Meanwhile, under the auspices of Dodd-Frank, the Federal Reserve developed a market risk stress test, the Global Market Shock (GMS), that also addresses the underlying problems in the VaR calculation. Since 2020, the GMS has been a component of the Stress Capital Buffer, which is part of each large bank’s minimum capital requirement. The Stress Capital Buffer calculates how much a bank would lose under extreme stress, and requires the bank to hold capital equal to that loss, in addition to a 4.5 percent capital charge, any GSIB surcharge and any countercyclical charge.
For banks subject to the GMS, the total market risk capital is calculated by adding the GMS-generated market risk capital charge to the market risk capital charge under the Basel II.5 VaR standard. When FRTB is implemented in the U.S., total market risk capital will be calculated by adding the market risk capital charge from the GMS to the market risk capital charge under FRTB.

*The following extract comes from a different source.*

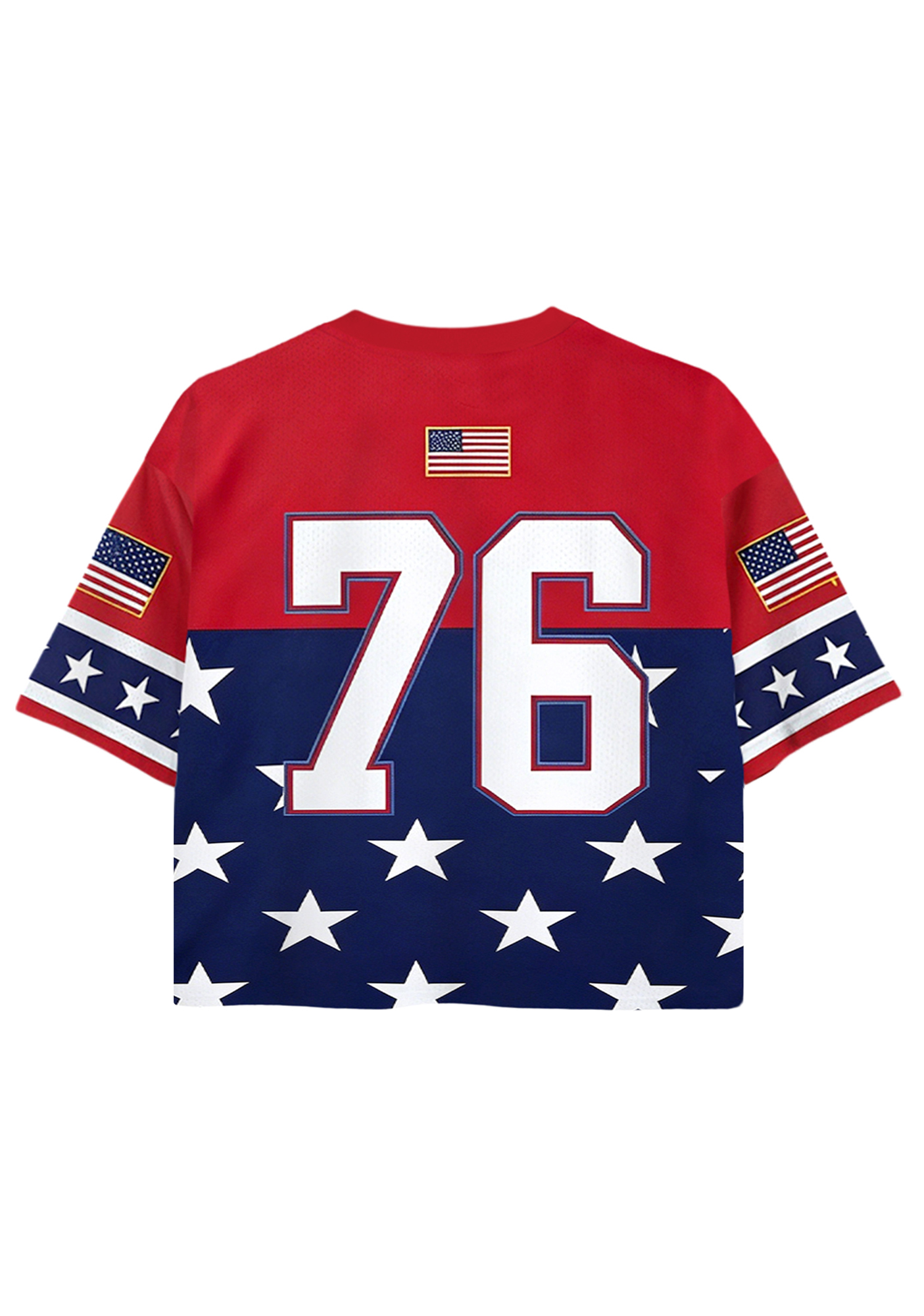 America 76 Star Flag Print Cropped Jersey Shirt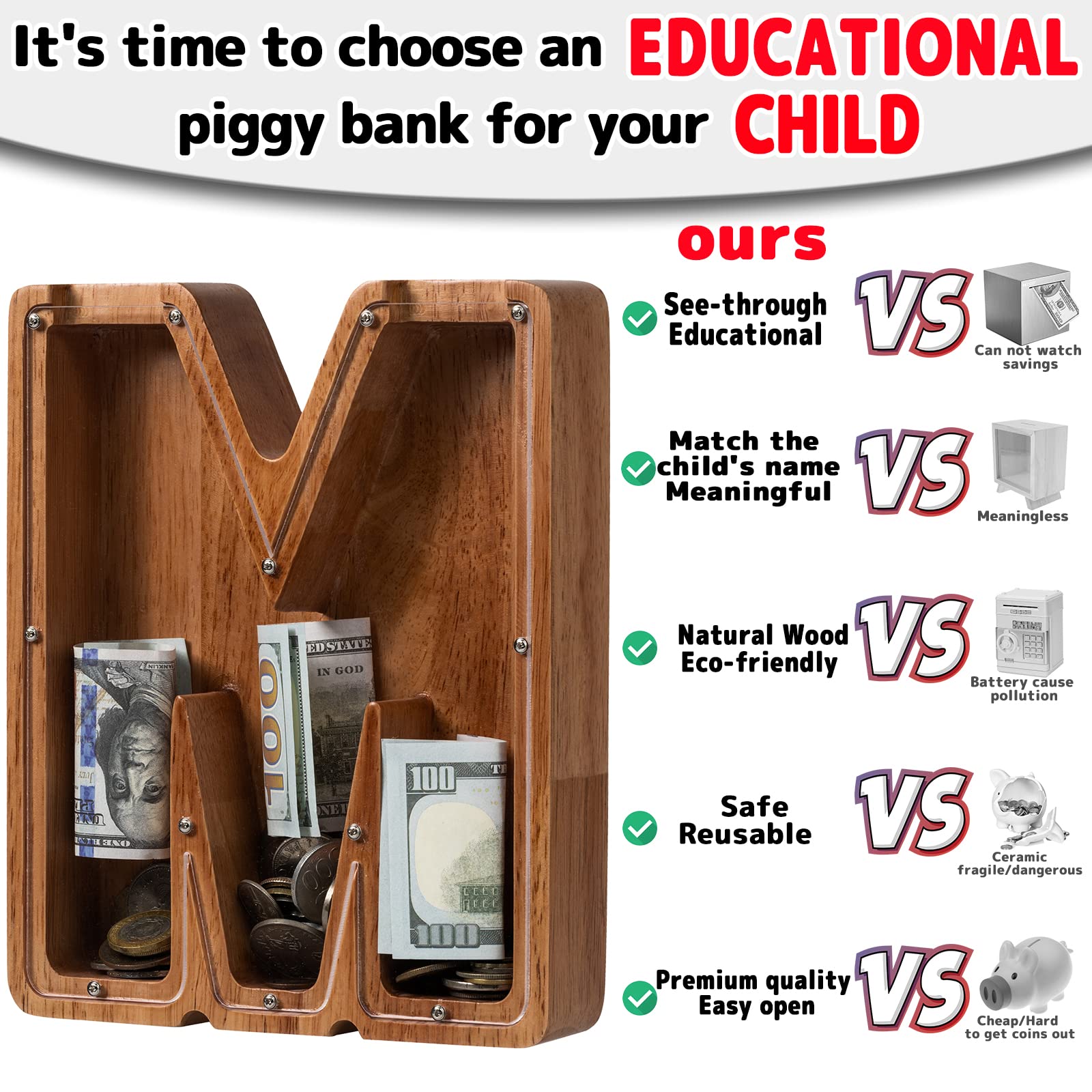 Ladenk piggy bank with Plexiglass shows savings progress.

This change prompts the question of whether the GMS and FRTB should be added together in the same way that the GMS and Basel II.5 were added together, which means determining whether they are capitalizing different risks (as with GMS and Basel II.5) or some of the same risks. The GMS shocks (and the risks they capture) are simple to understand, but the FRTB methodology is filled with arcane formulas that make it hard to see the motivation behind the calculation or what risks it is designed to capture. For policymakers who are considering updates to the GMS, this post is designed to help de-mystify the FRTB Expected Shortfall calculation by working through a simple example step-by-step, noting at each point what risks are being captured. It is worth noting, however, that the FRTB introduces new problems with market risk capital estimation due to its use of non-simulated approaches for cases that cannot be covered by ES. We also identify these new problems in this post.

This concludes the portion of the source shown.